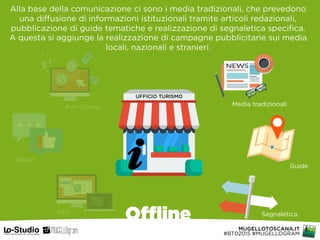 MUGELLOTOSCANA.IT 
#BT02015 #MUGELLOGRAM
Offline
Alla base della comunicazione ci sono i media tradizionali, che prevedono
una diffusione di informazioni istituzionali tramite articoli redazionali,
pubblicazione di guide tematiche e realizzazione di segnaletica specifica.
A questa si aggiunge la realizzazione di campagne pubblicitarie sui media
locali, nazionali e stranieri.
Media tradizionali
Guide
Segnaletica
Social
Adv Online
UFFICIO TURISMO
Sito
 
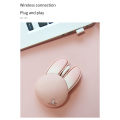 【Funny Bunny Toy Store】Wireless Mouse Kawaii Rabbit Shape Mice Ergonomic 3D Office Mute Mouse for Kid Girl for Desktop Computer Laptop. 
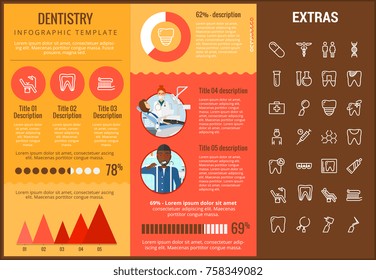 Dentistry infographic template, elements and icons. Infograph includes customizable graphs, charts, line icon set with dentist tools, dental care, tooth decay, teeth health, medicine chest etc.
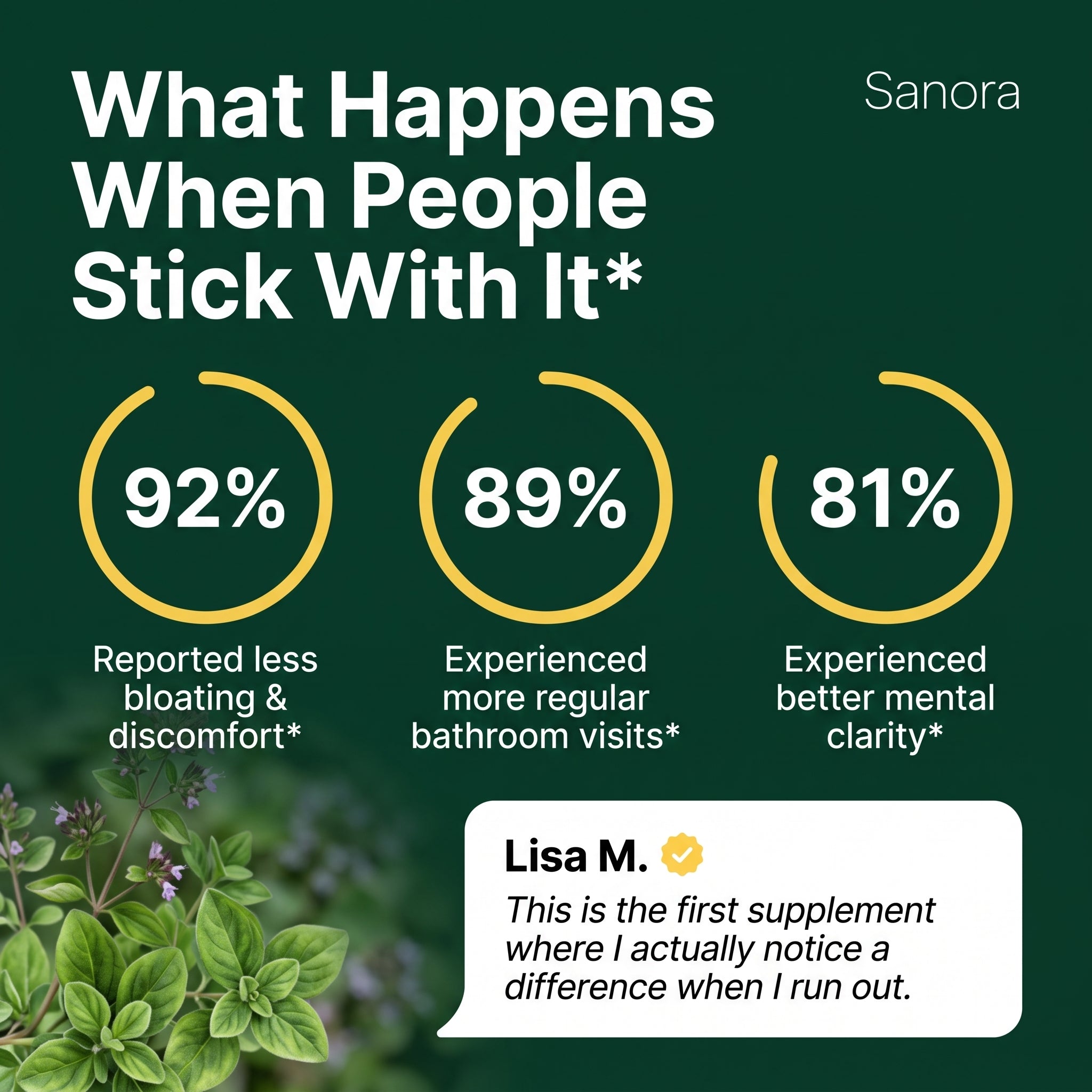 Sanora® Oregano+ Oil Complex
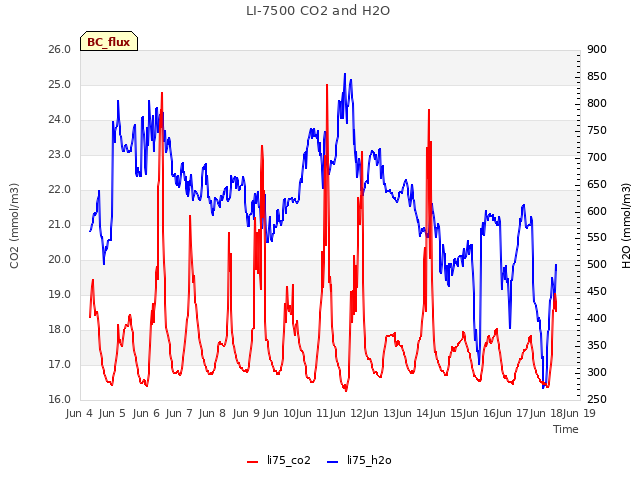 plot of LI-7500 CO2 and H2O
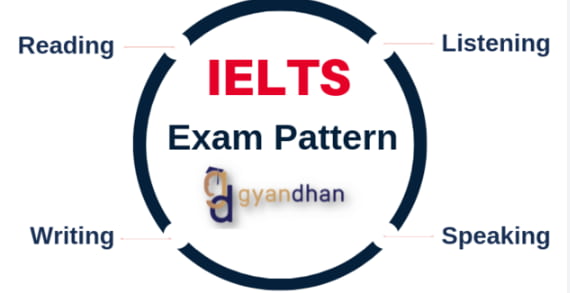 IELTS kelime öğren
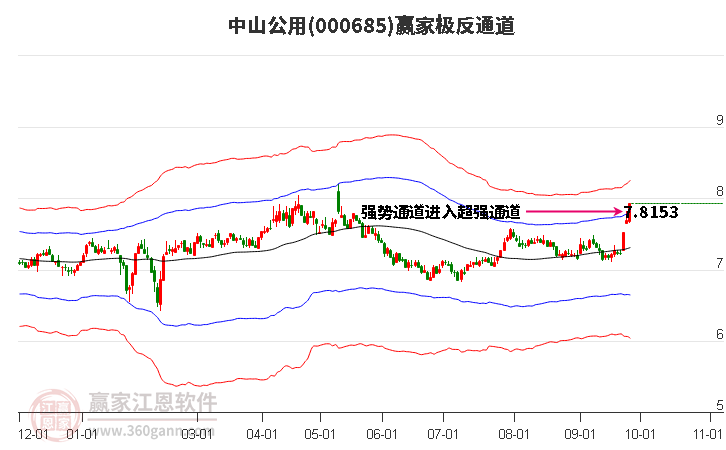 000685中山公用赢家极反通道工具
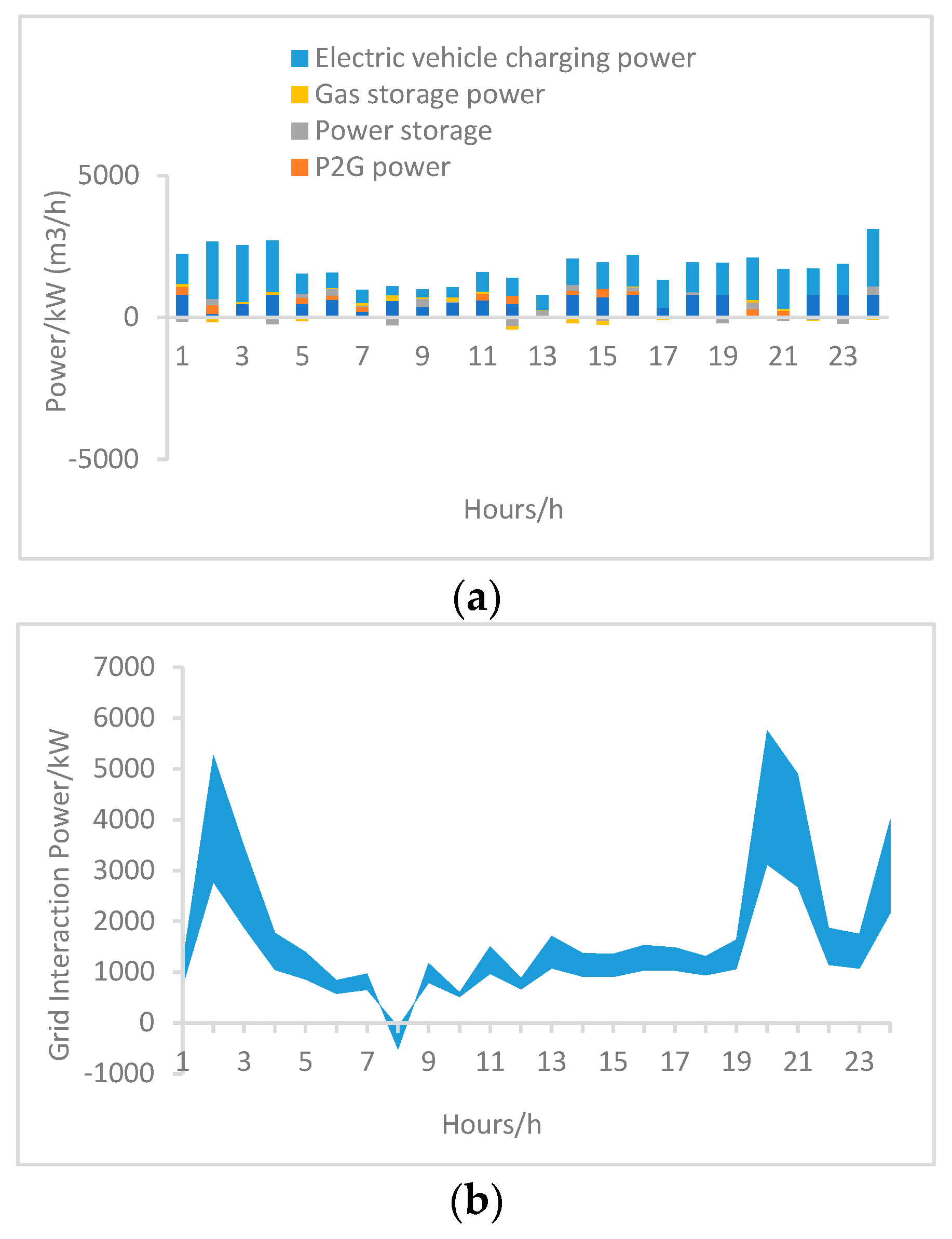 Wevj 13 00235 g017 550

# Task details
If a line in the listing holds the word "tradizionali", copy it out.

# Exercise output
Alla base della comunicazione ci sono i media tradizionali, che prevedono
Media tradizionali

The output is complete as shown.